Autrement dit : la démocratie ukrainienne est mise à l’épreuve, mais elle n’a pas disparu. Et surtout, ce n’est pas la démocratie qui a causé la guerre, c’est la volonté d’un régime autoritaire de la détruire.
Quant à la morale, je n’ai pas besoin d’invoquer une supériorité
abstraite. Mais si on renonce à toute boussole éthique sous prétexte que
"tout se vaut" ou que "le monde est cynique", alors il ne reste que la
loi du plus fort. Et dans ce cas, pourquoi blâmer Poutine ? Pourquoi
même discuter ? Si on accepte que seul le rapport de force compte, alors
il faut aussi accepter la guerre comme mode d’arbitrage permanent. Moi,
je refuse cette résignation.
>
Quand Poutine agresse ou que Netanyahou bombarde, la morale permet
peut-être de se positionner, mais là encore quel impact a-t-elle ?
>
Si Poutine envahit, qui va sérieusement contester à l'Ukraine le droit de
se défendre ? Si Netanyahou bombarde des civils, qui va sérieusement
contester au Hamas le droit de ... non, d'accord, là ça ne fonctionne
plus. (Gaza n'est là que pour illustrer mon propos, ne le prenez pas mal)
>
La morale c'est toujours le risque de tomber dans le deux poids, deux
mesures.
Vous soulevez un point intéressant — la morale n’a pas toujours de poids sur le rapport de force immédiat, mais ce n’est pas une raison pour l’abandonner.

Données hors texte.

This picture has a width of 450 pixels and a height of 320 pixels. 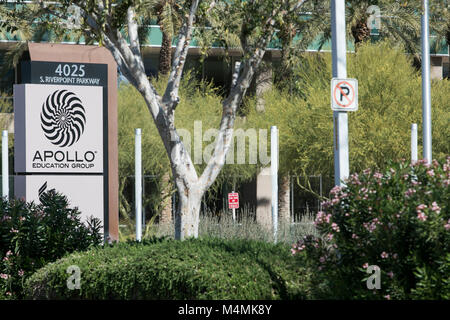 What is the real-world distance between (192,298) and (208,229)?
9916 mm

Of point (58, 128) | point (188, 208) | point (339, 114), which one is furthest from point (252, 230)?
point (339, 114)

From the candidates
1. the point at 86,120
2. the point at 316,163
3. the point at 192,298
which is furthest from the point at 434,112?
the point at 192,298

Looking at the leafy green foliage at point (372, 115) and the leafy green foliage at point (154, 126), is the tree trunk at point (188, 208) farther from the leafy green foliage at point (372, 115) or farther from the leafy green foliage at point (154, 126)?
the leafy green foliage at point (154, 126)

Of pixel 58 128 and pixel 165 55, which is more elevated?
pixel 165 55

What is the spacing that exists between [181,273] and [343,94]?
349cm

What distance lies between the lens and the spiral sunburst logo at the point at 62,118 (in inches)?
563

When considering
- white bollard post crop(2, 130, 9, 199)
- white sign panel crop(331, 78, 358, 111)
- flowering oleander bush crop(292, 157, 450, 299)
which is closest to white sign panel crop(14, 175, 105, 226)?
white bollard post crop(2, 130, 9, 199)

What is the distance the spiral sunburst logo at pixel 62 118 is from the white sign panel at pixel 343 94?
606cm

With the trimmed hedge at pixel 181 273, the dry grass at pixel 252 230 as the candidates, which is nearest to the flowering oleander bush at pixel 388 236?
the trimmed hedge at pixel 181 273

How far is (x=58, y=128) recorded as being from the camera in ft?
47.0

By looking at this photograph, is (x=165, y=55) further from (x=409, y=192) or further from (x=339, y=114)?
(x=409, y=192)

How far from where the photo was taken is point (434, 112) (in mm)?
29422

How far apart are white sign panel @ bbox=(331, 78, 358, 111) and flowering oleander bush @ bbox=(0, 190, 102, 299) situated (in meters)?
4.15

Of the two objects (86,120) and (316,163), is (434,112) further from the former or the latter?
(86,120) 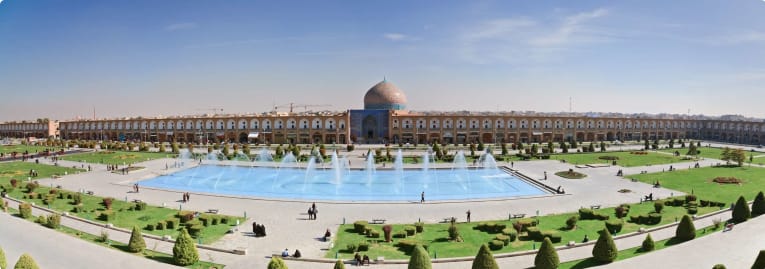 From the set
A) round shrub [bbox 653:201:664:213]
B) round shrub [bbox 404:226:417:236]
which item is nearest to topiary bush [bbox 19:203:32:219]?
round shrub [bbox 404:226:417:236]

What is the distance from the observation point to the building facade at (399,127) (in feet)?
250

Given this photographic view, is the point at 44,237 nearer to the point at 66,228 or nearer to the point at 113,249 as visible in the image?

Oui, le droit à la défense de l’Ukraine ne fait aucun doute, justement parce qu’il existe une morale partagée, codifiée dans des règles internationales (Charte de l’ONU, Convention de Genève, etc.). Ce sont ces principes qui nous permettent de dire clairement : une invasion est inacceptable, un massacre de civils est un crime, une démocratie attaquée a droit au soutien.
Vous mentionnez Gaza : ce qui rend la situation si explosive, c’est justement qu’on a l’impression que les principes sont appliqués à géométrie variable. Mais la solution, ce n’est pas de jeter la morale par-dessus bord — c’est de la rendre cohérente et universelle. Ce n’est pas la morale qui crée le “deux poids, deux mesures”, c’est son instrumentalisation.
Renoncer à tout cadre moral parce qu’il est parfois mal appliqué, ce serait comme renoncer aux lois parce qu’il y a des injustices judiciaires : ce serait un recul, pas un progrès.